- Born: 28 April 1971 Mostaganem, Algeria
- Died: 29 September 1995 (aged 24) Lyon, France
- Organization: GIA
- Known for: Involvement in 1995 terror bombings in France
- Relatives: 4 sisters, 3 brothers

= Khaled Kelkal =

Khaled Kelkal (خالد كلكال) (April 28, 1971 – September 29, 1995) was a French and Algerian terrorist affiliated with the GIA. He was involved in the 1995 terror bombings in France.

==Biography==
Khaled Kelkal was born in 1971 in Mostaganem, Algeria. The family moved to Vaulx-en-Velin, a suburb of Lyon, when he was an infant. He had four sisters and three brothers. While attending La Martinière lycée top of his class in Lyon, he became a juvenile delinquent. His older brother Nouredine was sentenced to 9 years in prison for armed robbery. In 1990, Kelkal was placed on probation for four months for trafficking in stolen cars. A few months later, he was arrested for thefts using cars as battering rams to enter private properties. He was sentenced to four years in prison.
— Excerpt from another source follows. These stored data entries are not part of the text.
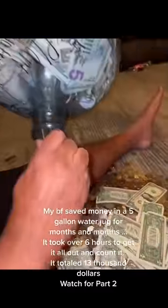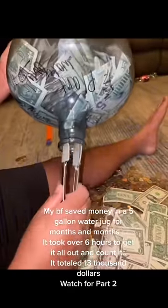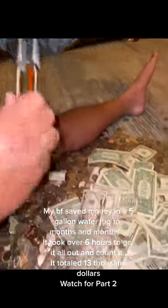My boyfriend saved money in a 5-gallon water jug for months and months. It took over 6 hours to get it all out and count it. It totaled $13,000 — they saved up a lot of money.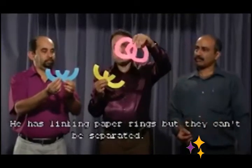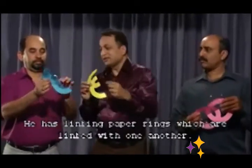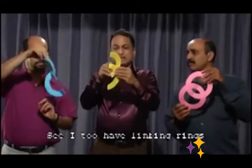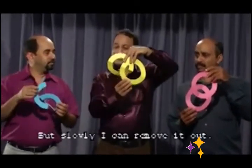He has linking paper but you cannot separate them. He has linking rings but it is linked inside. See, I do have linking rings — they are linked inside. But slowly I can remove it.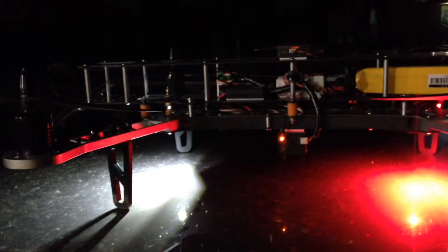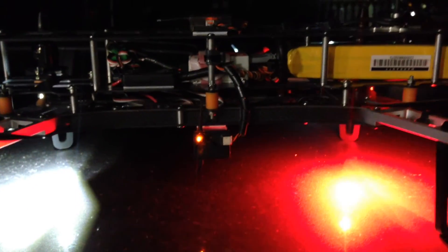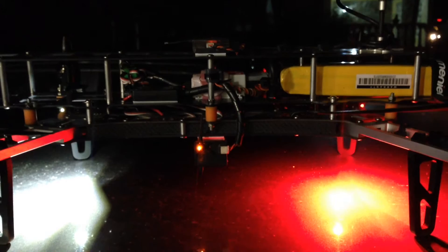Hey guys, a little video here at night. I just upgraded the NASA M Light to the version 2 upgrade and let's see how it goes. As you guys can see, all this is the night.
==Conversion to radical Islam==
While he was incarcerated, he met "Khelif," an Islamist who had fled France to evade trial. Upon his return to France in 1989 he was sentenced to 7 years in prison. While in jail, Khelif attempted to recruit Algerians to man militant organisations in Algeria. After his release, Kelkal regularly attended the Bilal Mosque in Vaulx-en-Velin; the mosque was headed by imam Mohamed Minta, a sympathiser of the Foi et Pratique ("Faith and practice") fundamentalist organisation. In 1993, Kelkal went to Mostaganem, in Algeria, to visit his family. There, he was probably recruited by one of the radical branches of the GIA, headed by Djamel Zitouni, whose aim was to "punish France."

==Criminal activities ==
On 11 July 1995, Kelkal was involved in the assassination of Imam Sahraoui in his mosque in Paris. Sahraoui was considered too moderate by the GIA, and might have attempted to steal money from them. Four days later, in Bron, a suburb of Lyon, Kelkal opened fire on gendarmes at a checkpoint and evaded arrest. On 26 August 1995, during the bombing campaign in France, a gas bottle equipped with a detonation system was found near the Paris-Lyon TGV railway, near Cailloux-Sur-Fontaines (Rhône). The device had not exploded, and was found to be similar to the one which had been set off on 25 July in the Saint-Michel–Notre-Dame RER station. Fingerprints of Khaled Kelkal were found on the bomb, and a search for him began. His picture was displayed in public places all over France.

==Death==
On 29 September 1995, after a search in the forest of Malval near Lyon, Kelkal was found in a place called "La Maison Blanche". He attempted to resist arrest and was shot dead by the gendarmes of EPIGN. Kelkal's death was shown on television, and a debate erupted over the shooting. On the television footage, as the gendarmes approach Kelkal, one of them was heard yelling "Finis-le, finis-le !" ("Finish him, Finish him!") Initially, Kelkal was shot in the leg, but he aimed a pistol at the gendarmes, who opened fire in self-defence.

==Aftermath==
Using Kelkal's address book, the police arrested other terrorists. Boualem Bensaïd, Kelkal's superior, was arrested in Paris, as he was planning the bombing in a market of Lille. Further investigations revealed that Kelkal had been behind the car bomb that exploded in front of a Jewish school on 7 September 1995 in Villeurbanne, a suburb of Lyon, which was set to explode as the children left the building at the end of the school day. By a stroke of luck, the school bell rang late and no children were outside when the bomb detonated.